What does the TestAssertion primitive look like in assrt-mcp?

It is three fields: description, passed, evidence. This is the full definition at src/core/types.ts:13-17 of the open-source assrt-mcp repo. Each assertion the agent makes during a run becomes one of these objects in the final TestReport JSON. Because it is just a TypeScript interface in an MIT-licensed file, you can grep assertions[].evidence across every historical run, write alerts on regressions, and feed specific evidence strings back into the agent for a re-run.

How are videos of the test run handled without a cloud vendor?

Playwright records a .webm file directly. assrt-mcp generates a self-contained player.html next to the recording (src/mcp/server.ts:35-111) with hardcoded 1x/2x/3x/5x/10x speed buttons and Space/arrow-key shortcuts, and serves it over a tiny Range-request HTTP server on an ephemeral localhost port. No SaaS, no auth, no upload. If you close the terminal, the files stay on disk and still open in any browser.

Is the AI layer actually open source, or just the runner?
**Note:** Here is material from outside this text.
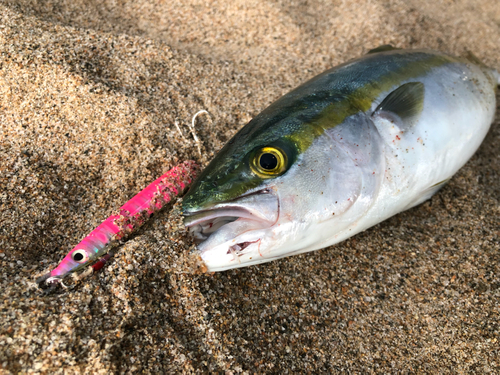 ツバイソの釣果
In assrt-mcp the agent itself is the open part. The scenario parsing regex is in src/core/agent.ts:620-631. The pass-criteria injection that turns plain English into a MANDATORY verification contract is seven lines at src/core/agent.ts:670-672. The tool definitions are in src/mcp/server.ts. The model provider (Claude, Gemini) is pluggable. You still pay an inference provider, but the orchestration, prompts, and evaluation logic are MIT licensed in the repo.

Why do teams pay $7.5K/month for closed testing platforms if open source covers it?

Historically for three things: a hosted recorder, a dashboard UI, and managed run infrastructure. In 2026 all three are tractable to self-host. The recorder is real Playwright codegen. The dashboard is a JSON TestReport rendered by any UI layer. The runners are containers on GitHub Actions, Vercel, Fly, or a dev machine. The remaining reason to pay is support and SSO, not capability.

How do I adopt an open source software testing stack without a big migration?

Do not migrate. Add it next to what you have. Check in a plain-text scenarios file, wire npx @assrt-ai/assrt setup to install the MCP server locally, let the agent extend the scenarios each time it touches code, and gate CI on failedCount from the TestReport JSON. Existing Jest, Vitest, or Playwright suites keep running. The open source AI layer sits on top.